余力の残っていない幸子は踏ん張る事ができず、その勢いでドンッと壁に押し付けられてしまった。
前には小倉、後ろには壁があり幸子に逃げ場は無かった。
小倉は腰に廻していた腕を解放すると大きな手を利用し片手で幸子の両手首を掴んだ。
身体の前で両手首を拘束されグイグイと身体を押し付けられる幸子、もはや万事休すだった。
「さて、どうしようか。・・・そうだ。まずはその生意気な口にお仕置きしないとなぁ」
小倉が始めに目を付けたのは唇だった。
張りがあり量感も十分で程よく厚めな唇は極上の感触に違いない。
小倉はその唇に自分のいきり立った剛棒をくわえ込ませればどんな快感が待っているのだろうという興奮に酔いしれた。
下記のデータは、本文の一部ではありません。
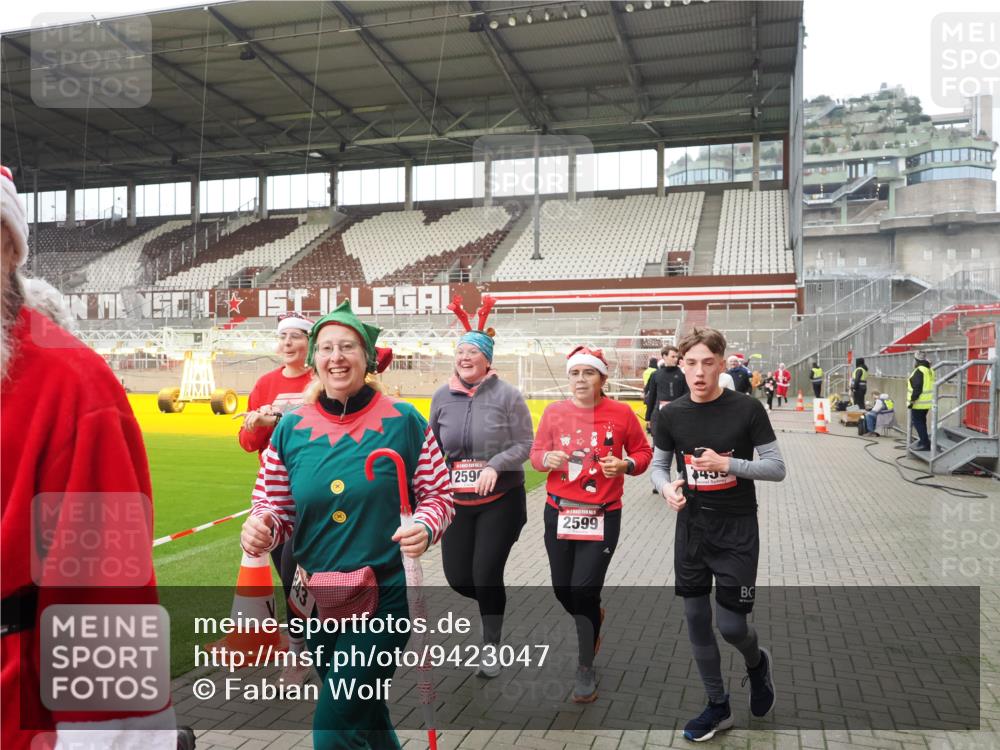 07.12.2025 - St. Pauli X-Mass-Run No. 15 Fabian Wolf http://msf.ph/oto/9423047 07.12.2025 11:56:53 Ziel 2596, 2598, 2599, 2824, 2825, 2826, 2929, 2932, 3383, 3459, 3842, 3843, 3844, 4172, 4174 meine-sportfotos.de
耐える事をやめた小倉はもう一方の手で幸子の両頬を掴んだ。
指が頬に食い込み幸子の唇は突き出す形になっている。
小倉はゆっくりと顔を近付けた。
気持ちではまだ抵抗しているが、やはりどうにもならなかった。
このまま小倉に犯されてしまう。
(あなた、ごめんなさい)
そんな幸子の中に、ある人物が現れた。
もちろん、幸子の最愛の人である由英だった。
由英の笑顔、家族との団欒の日々、その光景が浮かび出してきた。
その瞬間、幸子はまだ諦めてはいけないと再び気力を持ち直したのだった。
火事場の馬鹿力なのだろうか、体力は残っていないが気力だけは失っていなかった。
(あなた、晶・・・)
そんな幸子の心情どころではない小倉は標的の唇に夢中だった。
どんどん唇に近付き、お互いの鼻が当たる距離まで来た。
強烈な女臭が小倉を襲い、もう我慢出来なくなり小倉は強引に唇に吸い付こうとした。
だがその瞬間、小倉の体に激痛が走った。
「ぎゃあ!」
あまりの痛みに思わず幸子から離れた。
突然の事で驚いたが激痛の箇所はすぐに確認した。
それは予想だにしない箇所、足の甲だった。
何と、幸子は気力だけで足を振り上げると小倉の足の甲へ踏みつけたのだった。
いくら革靴を履いていても尖ったヒールに踏みつけられたら無事で済むはずはない。
家族への想いが乗った幸子の起死回生の一撃で状況は一変した。
二人とも息遣いは荒いが睨み合っていた。
幸子はここからどう逃げ出すか、小倉はどう拘束するか、二人は次の一手に悩んだ。
すると、その緊迫した空気にある人物が入り込んできた。